• [Your assignment]:
Return the material below exactly, but only from the line with "Spotted Hyaena Crocuta" through the line with "Anatolian Premium Somonlu", and without its pictures.

• [Recorded data]:
==========

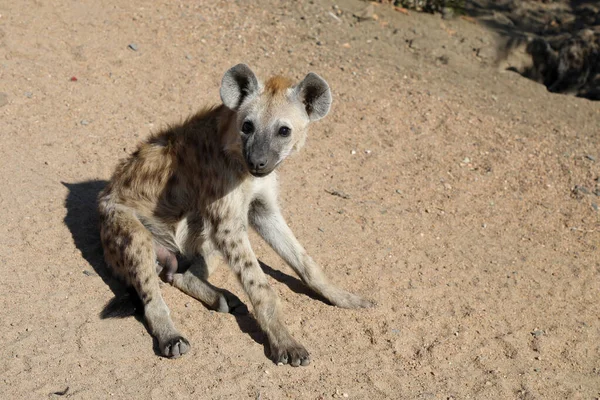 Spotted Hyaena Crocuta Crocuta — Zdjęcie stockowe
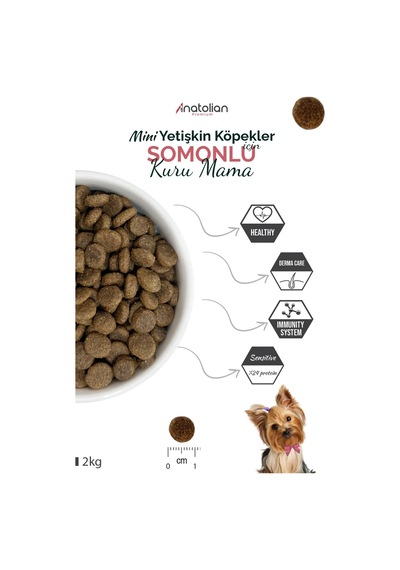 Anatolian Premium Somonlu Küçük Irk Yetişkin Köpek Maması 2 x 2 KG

==========

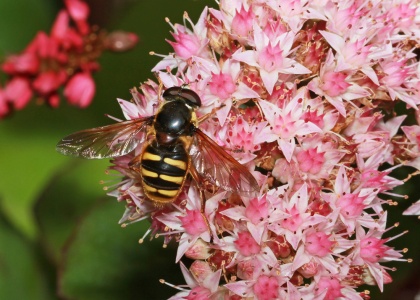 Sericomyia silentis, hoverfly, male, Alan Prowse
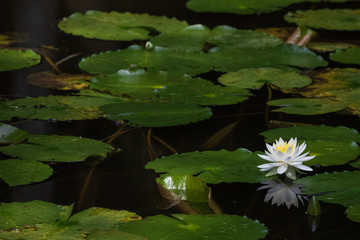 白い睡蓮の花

==========

• [Solved problem]:
 Spotted Hyaena Crocuta Crocuta — Zdjęcie stockowe
 Anatolian Premium Somonlu Küçük Irk Yetişkin Köpek Maması 2 x 2 KG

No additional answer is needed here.